Years ago, when I was hanging out in a different town, thousands of miles away from where I am today, I fell in with a crowd of Muslims. For the racial purists, I should note that in this town, the local Islamic Center was 95% white folks, nearly all of them immigrants from the former countries of Yugoslavia and the USSR, along with a handful of local converts.
I should also be honest and cop to the fact that, at least at a subconscious level, I was expecting to find at least one chaste, marriagable girl who loved god and wanted to be a wife and mother. That illusion was dispelled rather quickly. If anything, the Muslim girls I met were even better at lying to their fathers about what they were up to on Friday evenings. I doubt any of the occasional visitors to chez Boxer will be surprised at this.
In any case, I found it all very interesting and philosophical. Muslims are much closer to Mormons, in that they don’t worry about stuff like the mystery of the trinity, though (also like Mormons) they hold that Jesus was a decent guy, who may or may not have existed, and we can learn from the literary character. There are no saints to venerate. Just pray to God and you’re good. Like Mormons, they frown on depictions of God. There is no iconography.
Qur’an, which is considerably harder to read than the New Testament, is supplemented by commentary, the details of which may or may not be taken seriously by one believer or the next, and is endlessly argued about on Friday evening by the old men.
My education was aided by the fact that everyone in the place was totally on board with me touristing through their community. I had done my undergraduate work at a Jesuit university, and had become used to being told that I couldn’t take communion, or dip my hand in the holy water, or any of the other stuff.

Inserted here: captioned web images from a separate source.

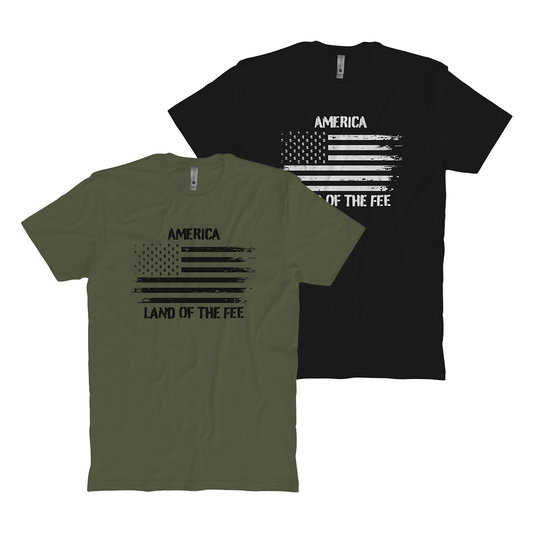 Land Of The Fee T-Shirt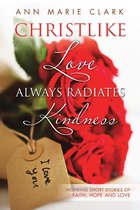 Christlike Love Always Radiates Kindness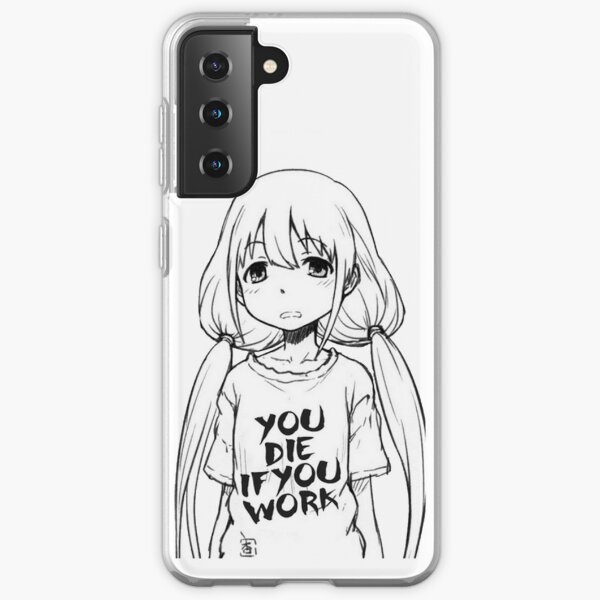 You die if you work Samsung Galaxy Soft Case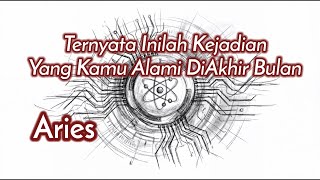 Aries💘This Is What You Experience At The End Of The Month🌹🌏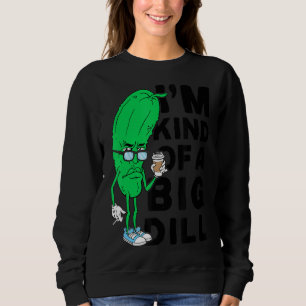 Im Kind Of A Big Dill Pickles Vegan Im A Big Dill Sweatshirt
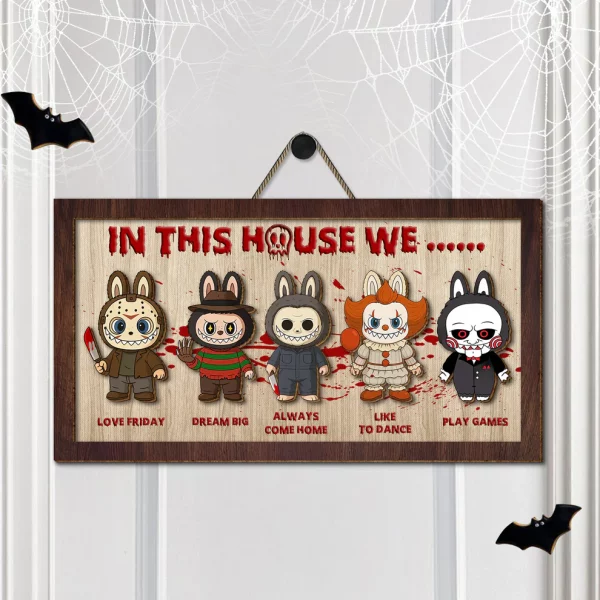 In This House We, Labubu Monster, Halloween Wood Sign, Horror Movie Characters, Halloween Decor - Image 8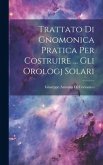 Trattato Di Gnomonica Pratica Per Costruire ... Gli Orologj Solari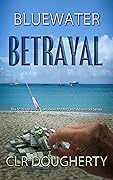 Bluewater Betrayal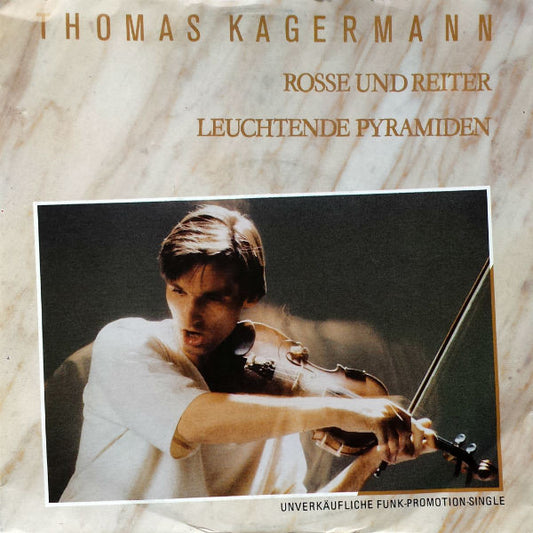 Thomas Kagermann : Rosse Und Reiter / Leuchtende Pyramiden (7", Single, Promo)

That wasn’t the case here. “Yes, you can pray with us… what a dumb question… kneel by me and follow along…”
The preacher, a big blond Bosnian, who played basketball in the courts outside on the weekend, acted shocked when I casually mentioned I wasn’t a member. He had the idea that I had converted a long time before. “Have you ever thought about saying shahada? We’d love to have you officially.”
“I don’t believe in God,” I replied.
“So what?” This was his response, and just as quickly, “you can be a bad Muslim, like most of the rest of the people here.”

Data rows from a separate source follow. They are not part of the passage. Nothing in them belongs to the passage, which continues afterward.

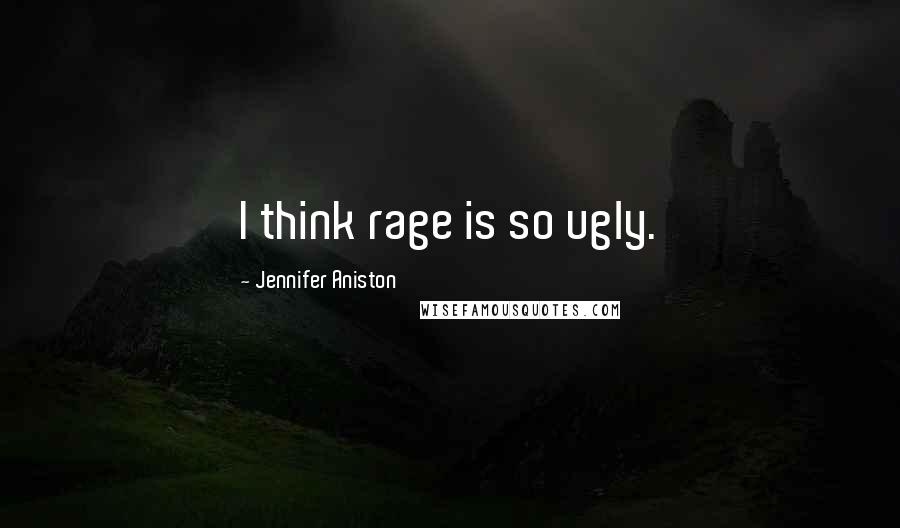 Jennifer Aniston Quotes: I think rage is so ugly.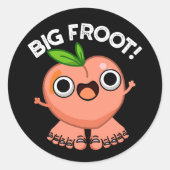 Big Froot Funny Big Foot Pun Dark BG Ronde Sticker (Voorkant)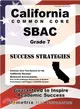 California Common Core Sbac Grade 7 Success Strategies ― Common Core Test Review for the California Smarter Balanced Assessments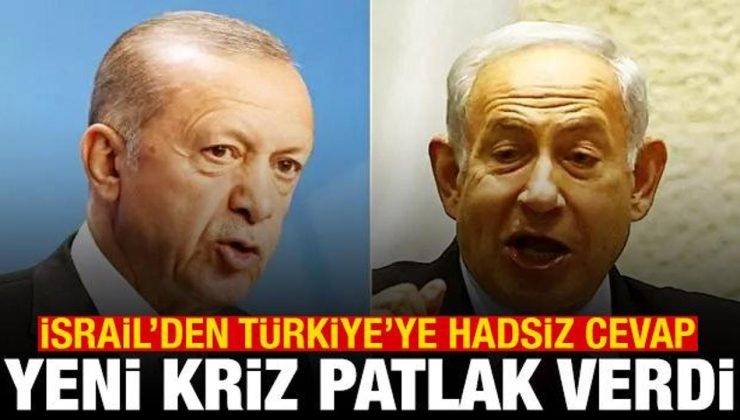 Ankara Tel Aviv hattında Suriye krizi! İsrail’den Türkiye’ye cevap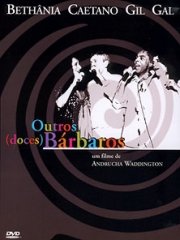 La locandina di Outros (Doces) Bárbaros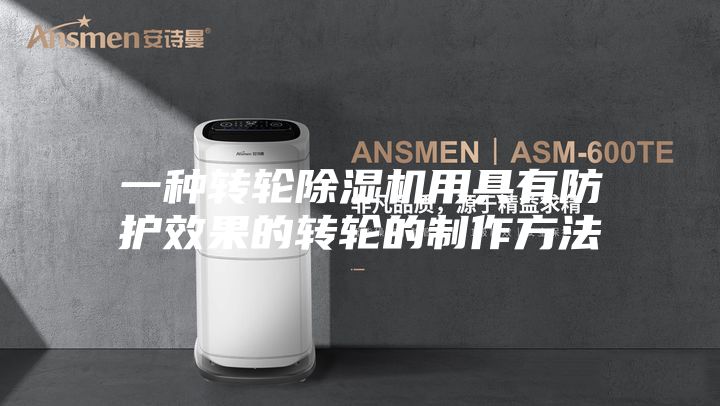 一种转轮除湿机用具有防护效果的转轮的制作方法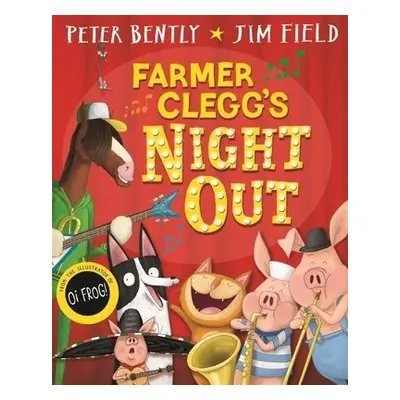 Farmer Clegg's Night Out - Bently, Peter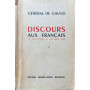 Discours aux Français 18 juin 1940 - 18 juin 1943.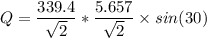 Q = \dfrac{339.4}{\sqrt{2}}*\dfrac{5.657}{\sqrt{2}} \times sin (30)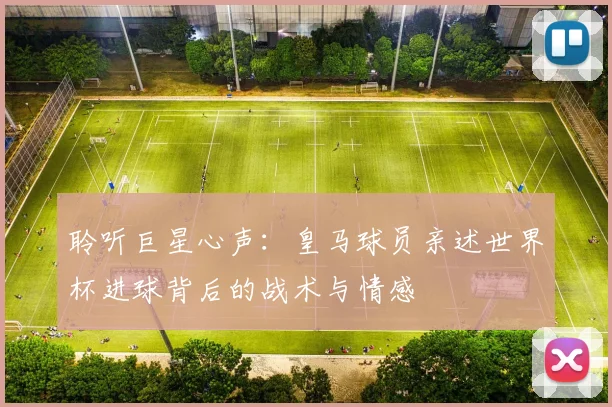 聆听巨星心声:皇马球员亲述世界杯进球背后的战术与情感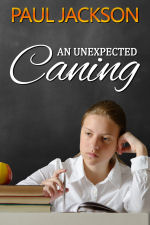 An Unexpected Caning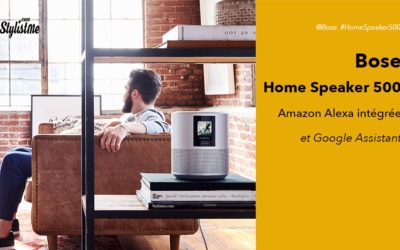 Bose Home Speaker 500 avis test de la nouvelle enceinte avec Alexa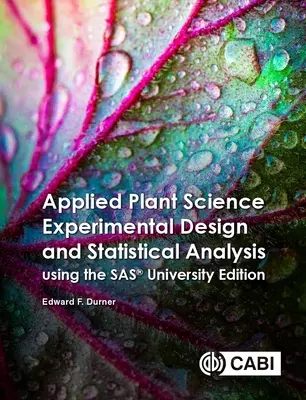 Alkalmazott növénytudományi kísérlettervezés és statisztikai elemzés a Sas(r) Ondemand for Academics használatával - Applied Plant Science Experimental Design and Statistical Analysis Using Sas(r) Ondemand for Academics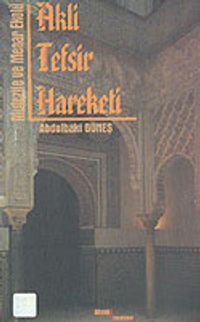 Akli Tefsir Hareketi: Mutezile ve Menar Ekolü 6-G-40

Today, I live in a Catholic town, so I’m back hanging out at vigil mass on Saturday evenings. Most of the people I chill with surely think I’m a Catholic; though, out of respect, I don’t go up and take the eucharist. I’ve got the moves down. I’ll never believe in God, but I enjoy the aesthetics of it all. Anyway, religion isn’t about believing in nonsense. It’s about doing things that make your life and your community better.